• [Information provided]:
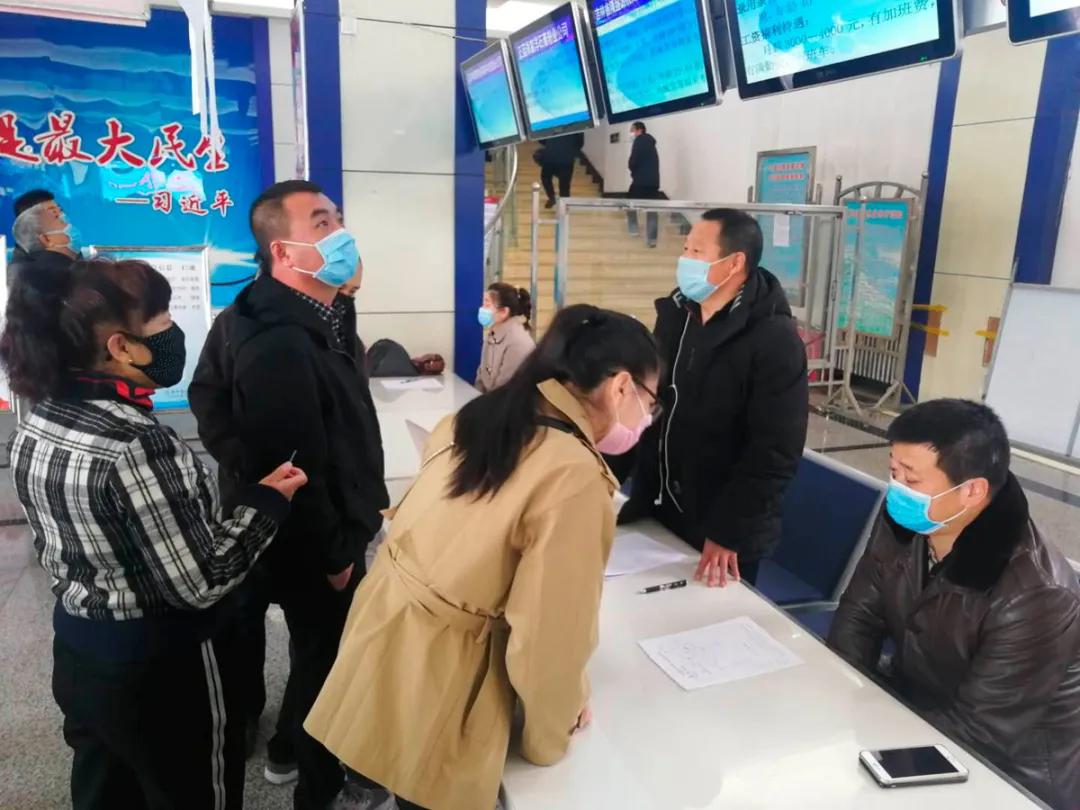 辽源招聘信息更新，时代脉搏与人才交响的交响乐章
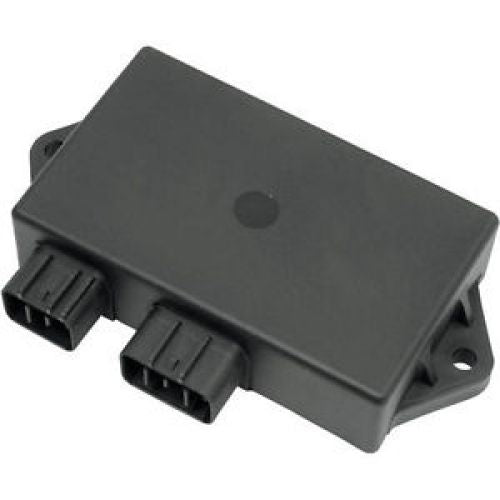 CDI Box for Yamaha YFM350 Warrior 1997-2001 Ricks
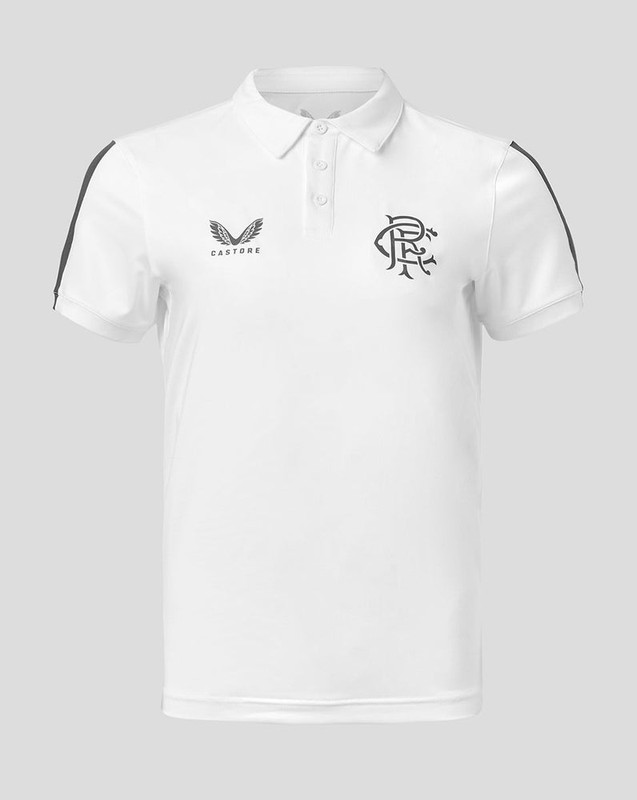 TM0524_WHITE_1_1000x1000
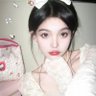Xi's profile picture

• [Required action]:
Emit an exact copy of the lines from the line bearing "CDI Box for" through the last line above, inclusive, and leave the images out.

• [Answer box]:
 CDI Box for Yamaha YFM350 Warrior 1997-2001 Ricks
 TM0524_WHITE_1_1000x1000
Xi's profile picture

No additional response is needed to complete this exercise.